Zweites Missbrauchsgutachten der Jesuiten

Mehr Konsequenzen

Andrea Fischer hat dem Jesuitenorden ein Sondergutachten über die Missbrauchsfälle in dessen Einrichtungen vorgelegt. Auf 20 Seiten kommt die frühere Bundesgesundheitsministerin im Wesentlichen zu den selben Ergebnissen wie die eines ersten Berichts. Sie geht aber ausführlicher auf Konsequenzen ein.

Autor/in:
Barbara Just
 (DR)

In ihrem Gutachten bescheinigt Fischer dem Orden, dass er "ein aufrichtiges Interesse daran zeigt, dass die Aufklärung erfolgt und dass keine Ergebnisse verschwiegen werden, mögen sie auch noch so unangenehm sein". Bei den gemeldeten Fällen habe der Orden jedoch bis zur öffentlichen Thematisierung der Vorgänge als "pädagogische Institution und als moralische Autorität versagt". Dabei hätten die Verantwortlichen hinreichend Informationen zum Handeln gehabt, so die frühere Grünen-Politikerin. "Zu keiner Zeit wurde an die Kinder und Jugendlichen gedacht und Sorge getragen, ihnen zu helfen."

So habe der Orden etwa keine Vorkehrungen getroffen, um Wiederholungen zu verhindern, führt Fischer aus. Versetzungen hätten dazu geführt, dass die Täter weiterhin Gelegenheit bekommen hätten, Jugendliche zu missbrauchen. Fischer gibt dem Orden auch Empfehlungen für seine künftige Arbeit. So solle er etwa die Ausbildung jesuitischer Lehrer überprüfen und alle Lehrer so ausbilden, dass sie wüssten, wie sie mit Klagen von Kindern über Missbrauchserlebnisse umgehen müssten. Zudem empfiehlt sie dem Orden, nicht auf die Ergebnisse des von der Bundesregierung eingesetzten Runden Tisches zu waren, sondern "nach einem eigenen Weg" für Entschädigungsverfahren zu suchen.

Nach Angaben des Ordens ging der Wunsch nach einem weiteren Gutachten von Opfern aus, die auch konkret die Person Fischers ins Gespräch brachten. Diese engagiert sich in der katholischen Kirche unter anderem als Berliner Diözesanleiterin der Malteser Hilfsorganisation.

Der Bericht von Ursula Raue
Die von der deutschen Jesuitenprovinz ebenfalls eingesetzte Missbrauchsbeauftragte Ursula Raue hatte bereits Ende Mai ihre Ergebnisse der Öffentlichkeit vorgestellt. Bei ihr hatten sich 205 ehemalige Schüler gemeldet.

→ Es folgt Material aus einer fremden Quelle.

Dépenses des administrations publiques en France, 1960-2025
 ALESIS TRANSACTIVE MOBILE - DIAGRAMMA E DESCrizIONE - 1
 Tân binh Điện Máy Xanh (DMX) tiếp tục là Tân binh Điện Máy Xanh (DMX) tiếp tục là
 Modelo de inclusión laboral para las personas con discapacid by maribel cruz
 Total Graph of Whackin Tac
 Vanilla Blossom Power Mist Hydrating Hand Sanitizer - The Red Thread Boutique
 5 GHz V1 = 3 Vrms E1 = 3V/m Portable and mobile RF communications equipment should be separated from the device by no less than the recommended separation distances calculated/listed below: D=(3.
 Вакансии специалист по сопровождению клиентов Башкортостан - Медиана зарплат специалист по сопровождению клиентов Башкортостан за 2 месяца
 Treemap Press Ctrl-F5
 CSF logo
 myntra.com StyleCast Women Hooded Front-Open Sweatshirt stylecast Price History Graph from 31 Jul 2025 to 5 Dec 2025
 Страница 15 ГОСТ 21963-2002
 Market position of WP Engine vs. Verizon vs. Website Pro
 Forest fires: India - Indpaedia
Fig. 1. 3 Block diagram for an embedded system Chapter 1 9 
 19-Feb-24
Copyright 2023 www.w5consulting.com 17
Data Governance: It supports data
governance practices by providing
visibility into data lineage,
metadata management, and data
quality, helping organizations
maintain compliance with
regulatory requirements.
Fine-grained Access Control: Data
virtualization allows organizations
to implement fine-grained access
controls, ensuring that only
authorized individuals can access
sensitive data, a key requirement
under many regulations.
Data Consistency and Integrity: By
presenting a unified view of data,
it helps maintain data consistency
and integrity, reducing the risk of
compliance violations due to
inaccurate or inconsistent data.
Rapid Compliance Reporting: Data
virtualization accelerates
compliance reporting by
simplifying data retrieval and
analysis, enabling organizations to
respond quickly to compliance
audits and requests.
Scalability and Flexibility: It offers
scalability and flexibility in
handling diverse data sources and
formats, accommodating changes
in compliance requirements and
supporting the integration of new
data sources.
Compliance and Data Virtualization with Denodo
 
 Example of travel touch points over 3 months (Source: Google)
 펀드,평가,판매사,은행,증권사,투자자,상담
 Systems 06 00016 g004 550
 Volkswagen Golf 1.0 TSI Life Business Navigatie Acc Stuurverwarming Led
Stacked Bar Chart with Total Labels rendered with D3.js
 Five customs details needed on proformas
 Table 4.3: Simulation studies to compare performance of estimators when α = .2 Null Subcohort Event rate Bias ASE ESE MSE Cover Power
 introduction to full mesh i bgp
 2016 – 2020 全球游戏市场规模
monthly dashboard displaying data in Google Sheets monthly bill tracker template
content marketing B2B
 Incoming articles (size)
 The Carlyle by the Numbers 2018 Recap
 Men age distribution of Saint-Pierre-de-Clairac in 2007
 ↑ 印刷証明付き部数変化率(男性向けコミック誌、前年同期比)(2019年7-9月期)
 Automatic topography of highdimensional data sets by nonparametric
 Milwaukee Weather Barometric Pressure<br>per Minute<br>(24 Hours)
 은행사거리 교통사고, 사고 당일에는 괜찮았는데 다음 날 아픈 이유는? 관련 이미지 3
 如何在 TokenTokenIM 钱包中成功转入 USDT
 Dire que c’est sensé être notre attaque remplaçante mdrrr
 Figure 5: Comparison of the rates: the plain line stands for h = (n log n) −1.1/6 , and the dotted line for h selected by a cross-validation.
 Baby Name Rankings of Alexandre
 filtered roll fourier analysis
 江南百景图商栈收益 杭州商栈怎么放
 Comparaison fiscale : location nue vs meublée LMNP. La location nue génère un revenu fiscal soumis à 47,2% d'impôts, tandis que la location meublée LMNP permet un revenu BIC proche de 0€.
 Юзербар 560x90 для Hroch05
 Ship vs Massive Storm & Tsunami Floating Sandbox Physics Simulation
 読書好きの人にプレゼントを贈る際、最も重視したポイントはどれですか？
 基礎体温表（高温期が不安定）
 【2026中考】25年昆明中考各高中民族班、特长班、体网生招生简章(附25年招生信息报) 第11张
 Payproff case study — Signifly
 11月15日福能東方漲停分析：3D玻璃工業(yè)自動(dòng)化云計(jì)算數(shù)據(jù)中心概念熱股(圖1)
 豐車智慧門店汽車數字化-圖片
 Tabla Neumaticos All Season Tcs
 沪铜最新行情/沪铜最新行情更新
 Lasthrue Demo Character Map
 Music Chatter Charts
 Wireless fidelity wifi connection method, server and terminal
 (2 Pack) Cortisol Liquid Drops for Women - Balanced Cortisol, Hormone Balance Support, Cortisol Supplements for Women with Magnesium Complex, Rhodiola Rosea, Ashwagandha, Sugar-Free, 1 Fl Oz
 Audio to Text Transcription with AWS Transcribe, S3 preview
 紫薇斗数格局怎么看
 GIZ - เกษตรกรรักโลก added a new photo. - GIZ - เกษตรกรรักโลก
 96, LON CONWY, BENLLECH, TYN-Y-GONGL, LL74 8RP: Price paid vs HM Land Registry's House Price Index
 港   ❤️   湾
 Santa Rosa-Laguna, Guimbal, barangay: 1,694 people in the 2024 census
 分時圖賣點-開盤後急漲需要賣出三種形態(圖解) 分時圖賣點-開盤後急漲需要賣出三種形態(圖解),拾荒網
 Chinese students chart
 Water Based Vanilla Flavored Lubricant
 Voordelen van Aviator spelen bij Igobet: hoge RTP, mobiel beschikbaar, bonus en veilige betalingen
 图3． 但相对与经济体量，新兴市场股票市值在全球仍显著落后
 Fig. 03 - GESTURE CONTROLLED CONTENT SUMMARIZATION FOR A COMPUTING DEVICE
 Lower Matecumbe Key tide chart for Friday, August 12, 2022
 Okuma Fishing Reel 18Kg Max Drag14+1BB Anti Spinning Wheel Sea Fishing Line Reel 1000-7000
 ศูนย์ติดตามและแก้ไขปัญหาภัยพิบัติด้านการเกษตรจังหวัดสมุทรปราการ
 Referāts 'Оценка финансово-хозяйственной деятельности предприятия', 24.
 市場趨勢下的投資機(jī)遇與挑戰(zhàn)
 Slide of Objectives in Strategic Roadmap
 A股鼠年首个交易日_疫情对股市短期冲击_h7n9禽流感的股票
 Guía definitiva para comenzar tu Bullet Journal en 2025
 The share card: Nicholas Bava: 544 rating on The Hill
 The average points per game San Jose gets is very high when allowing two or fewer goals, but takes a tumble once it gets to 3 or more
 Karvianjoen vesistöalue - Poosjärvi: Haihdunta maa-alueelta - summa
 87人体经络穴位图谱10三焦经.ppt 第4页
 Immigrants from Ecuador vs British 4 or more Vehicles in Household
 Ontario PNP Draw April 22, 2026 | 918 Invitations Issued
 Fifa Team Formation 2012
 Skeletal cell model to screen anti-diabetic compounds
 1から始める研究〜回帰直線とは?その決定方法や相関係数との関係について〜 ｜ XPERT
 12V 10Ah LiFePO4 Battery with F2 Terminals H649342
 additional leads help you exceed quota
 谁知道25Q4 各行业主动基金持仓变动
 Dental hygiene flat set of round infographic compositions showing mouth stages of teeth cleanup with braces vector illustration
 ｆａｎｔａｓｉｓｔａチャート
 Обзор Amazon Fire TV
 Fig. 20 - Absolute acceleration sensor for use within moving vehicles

Die Berliner Rechtsanwältin Raue hatte der Orden bereits 2007 als Missbrauchsbeauftragte eingesetzt. Raue war lange Vorsitzende der deutschen Sektion von "Innocence in Danger", einer internationalen Organisation zum Kampf gegen Kindesmissbrauch im Internet. Die Debatte über Missbrauch in Einrichtungen unter anderem der Kirche hatte der Rektor des Berliner Canisius-Kollegs, Pater Klaus Mertes, Ende Januar angestoßen, als er die Fälle an dem Jesuitengymnasium öffentlich machte.